ML Monitoring & Next Steps

Model Performance Monitoring

3 min read

Beyond data drift, you must monitor the model's actual predictions and performance. This catches degradation even when input data looks stable.

What to Monitor

Category Metrics Why
Latency p50, p95, p99 response time User experience, SLA
Throughput Requests/second Capacity planning
Errors 5xx rate, timeout rate Reliability
Predictions Distribution, confidence scores Model behavior
Business Conversion, revenue impact Actual value

Prometheus Metrics for ML

Custom Metrics

# metrics.py
from prometheus_client import Counter, Histogram, Gauge, start_http_server
import time

# Request metrics
prediction_requests = Counter(
    'ml_prediction_requests_total',
    'Total prediction requests',
    ['model_name', 'model_version']
)

prediction_latency = Histogram(
    'ml_prediction_latency_seconds',
    'Prediction latency',
    ['model_name'],
    buckets=[0.01, 0.025, 0.05, 0.1, 0.25, 0.5, 1.0, 2.5]
)

prediction_errors = Counter(
    'ml_prediction_errors_total',
    'Total prediction errors',
    ['model_name', 'error_type']
)

# Model output metrics
prediction_confidence = Histogram(
    'ml_prediction_confidence',
    'Model confidence scores',
    ['model_name', 'predicted_class'],
    buckets=[0.5, 0.6, 0.7, 0.8, 0.9, 0.95, 0.99]
)

prediction_class_distribution = Counter(
    'ml_prediction_class_total',
    'Predictions by class',
    ['model_name', 'predicted_class']
)

# Feature statistics
feature_value = Gauge(
    'ml_feature_value',
    'Feature statistics',
    ['feature_name', 'statistic']  # mean, std, min, max
)

Instrumented Prediction Service

# service.py
import time
from contextlib import contextmanager

class MonitoredPredictor:
    def __init__(self, model, model_name: str, model_version: str):
        self.model = model
        self.model_name = model_name
        self.model_version = model_version

    @contextmanager
    def track_latency(self):
        start = time.perf_counter()
        try:
            yield
        finally:
            duration = time.perf_counter() - start
            prediction_latency.labels(model_name=self.model_name).observe(duration)

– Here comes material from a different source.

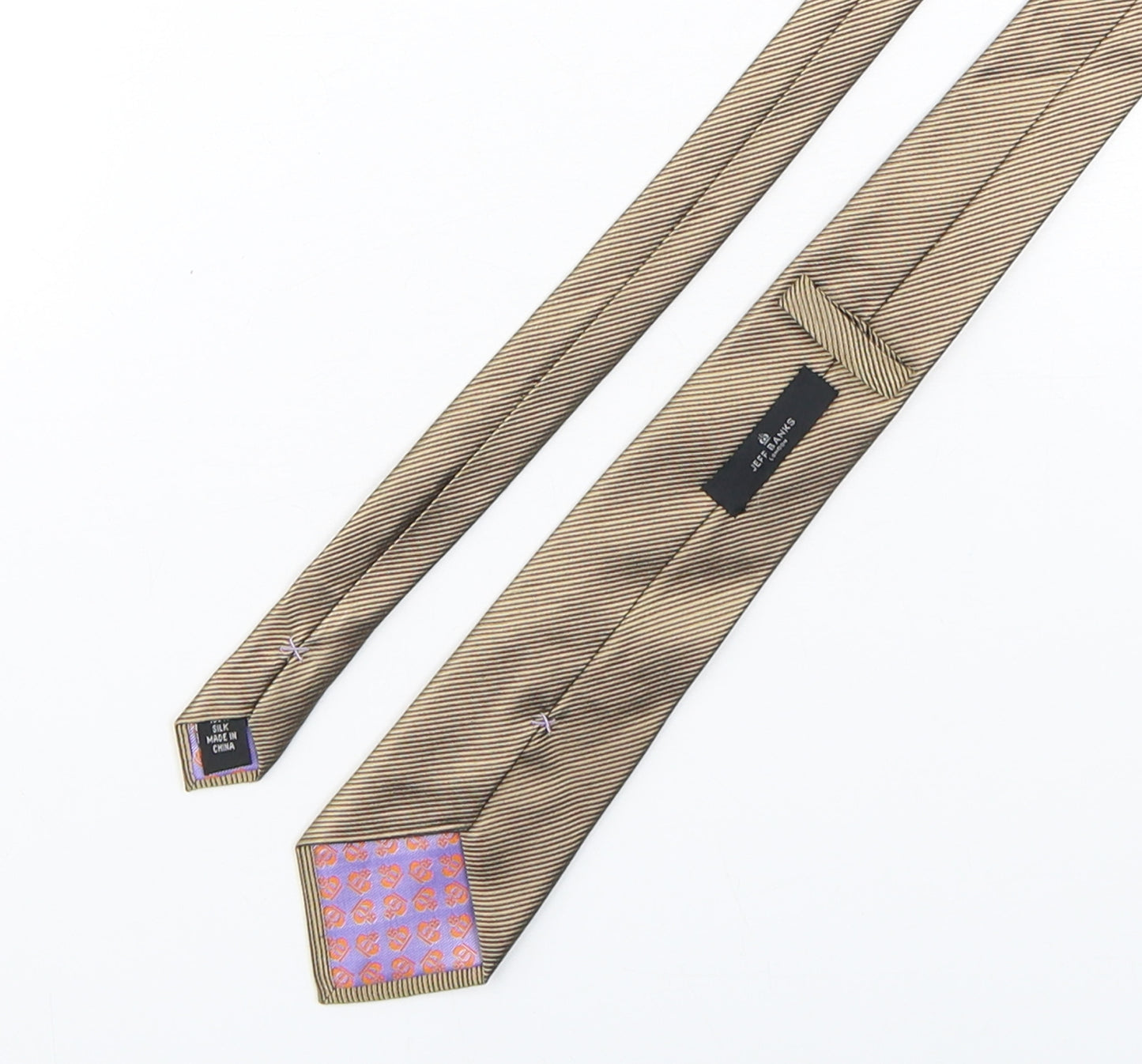 Jeff Banks  Mens Bronze  Silk Pointed Tie One Size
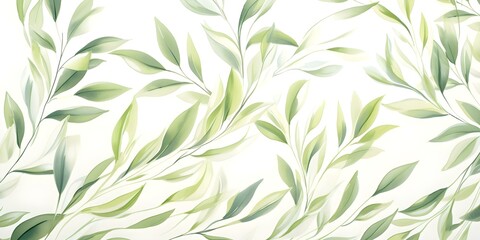 Soft pastel green botanical digital paper with elegant watercolor leaves on white. Concept Botanical digital paper, Soft pastel green, Watercolor leaves, Elegant design, White background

    def predict(self, features: dict) -> dict:
        prediction_requests.labels(
            model_name=self.model_name,
            model_version=self.model_version
        ).inc()

        try:
            with self.track_latency():
                prediction = self.model.predict([features])
                confidence = self.model.predict_proba([features])

            # Track outputs
            predicted_class = str(prediction[0])
            prediction_class_distribution.labels(
                model_name=self.model_name,
                predicted_class=predicted_class
            ).inc()

            max_confidence = float(max(confidence[0]))
            prediction_confidence.labels(
                model_name=self.model_name,
                predicted_class=predicted_class
            ).observe(max_confidence)

            return {
                "prediction": predicted_class,
                "confidence": max_confidence
            }

        except Exception as e:
            prediction_errors.labels(
                model_name=self.model_name,
                error_type=type(e).__name__
            ).inc()
            raise

# Start metrics server
start_http_server(8000)

Grafana Dashboards

Key Queries

# Request rate by model
sum(rate(ml_prediction_requests_total[5m])) by (model_name)

# P99 latency
histogram_quantile(0.99,
  sum(rate(ml_prediction_latency_seconds_bucket[5m])) by (le, model_name)
)

# Error rate
sum(rate(ml_prediction_errors_total[5m])) by (model_name)
/
sum(rate(ml_prediction_requests_total[5m])) by (model_name)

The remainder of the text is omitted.